Complete Removal of Redundant Expressions.pdf

Global Register Allocation at Link Time.pdf

How To Read Floating Point Numbers Accurately.pdf

Improving Register Allocation for Subscripted Variables.pdf

Interprocedural Constant Propagation.pdf

Interprocedural Slicing Using Dependence Graphs.pdf

Lazy Code Motion.pdf

On-The-Fly Detection of Access Anomalies.pdf

Register Windows vs. Register Allocation.pdf

Soft Typing.pdf

Software Pipelining-- An Effective Scheduling Technique for VLIW Machines.pdf

The Design and Implementation of a Certifying Compiler.pdf

gizmo · on Sept 19, 2009

I'm guessing many people are interested in the whole PDF package. Can you perhaps put it online somewhere?

mahmud · on Sept 19, 2009

So far no one has requested it, I am guessing it's because people have the list above and can google it themselves. I am gonna take a look at the papers and see if any of them have clauses about free redistribution, if not, you should have a tarball on the front page RSN.

silentbicycle · on Sept 20, 2009

If you do so, could you also post a link to it here? Thanks in advance.

mahmud · on Sept 21, 2009

gizmo and silentbicyle, the papers are up:

http://news.ycombinator.com/item?id=834175

silentbicycle · on Sept 21, 2009

Awesome, thanks!

drobilla · on Sept 19, 2009

Maybe 'better' in some academic sense, but C is what all machines have. If you want to write a good native compiler userful to people without massive dependencies, you write it in C/C++.

Writing it in ML may be nice, but nobody wants to install ML just to get at another language. The kind of person that would do this is probably aspiring to a good language implementation of their own that could be considered a /peer/ of ML (or Perl, or Python, or Scheme, or Java, or....). High level languages written in yet another high level language are more of an academic curiosity than a tool anyone's likely to use.

While, yes, you're talking about prototyping, that assumes doing so in ML is much simpler. Maybe for you, but not for a C/C++ coder who doesn't know ML. There are a very, very large number of such coders.

Why write a prototype then have to rewrite the whole thing in C to have a "serious" language implementation? For small languages, the effort spent in prototyping then rewriting is going to be more effort than just writing a good stand-alone implementation from the outset. My hobby "prototype" compilers are small, portable, fast, depend on almost nothing, and integrate with the system and command line nicely. If the language was to become useful embedded in some program, say, I could do so immediately because I wrote the implementations to be good from the start.
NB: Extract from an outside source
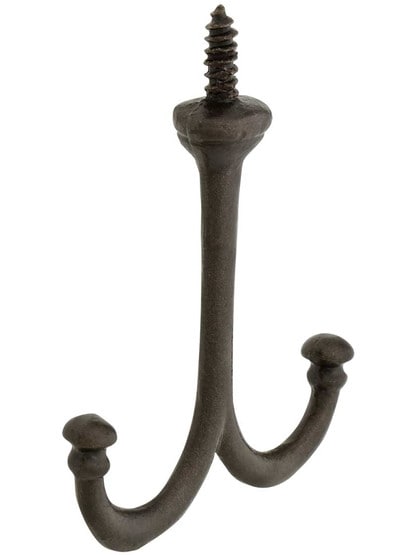 Alternate View 2 of Cast-Iron Double Wardrobe Hook.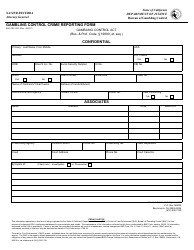 Document preview: Form BGC-CES0013 Gambling Control Crime Reporting Form - California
As a user, I'd take that over something I have to run in ML or some other massive high level language any day...

Would it be nice if the system's language was something better (somewhat) like ML? Sure. Is it? No.

Anyway, from the implementation point of view, when it comes time to write your GC, or any other low level details (parallelism?) writing in something like ML is a severe handicap. As far as performance goes, LLVM makes /fast/ code, and a lot of work is constantly being poured into it by a lot of people to make it even faster. This is a HUGE amount of work (i.e. far beyond what one person writing a language, or the people involved in the projects you have mentioned, can or will do), and it's already been done for you if you use LLVM (of course LLVM does have ML bindings).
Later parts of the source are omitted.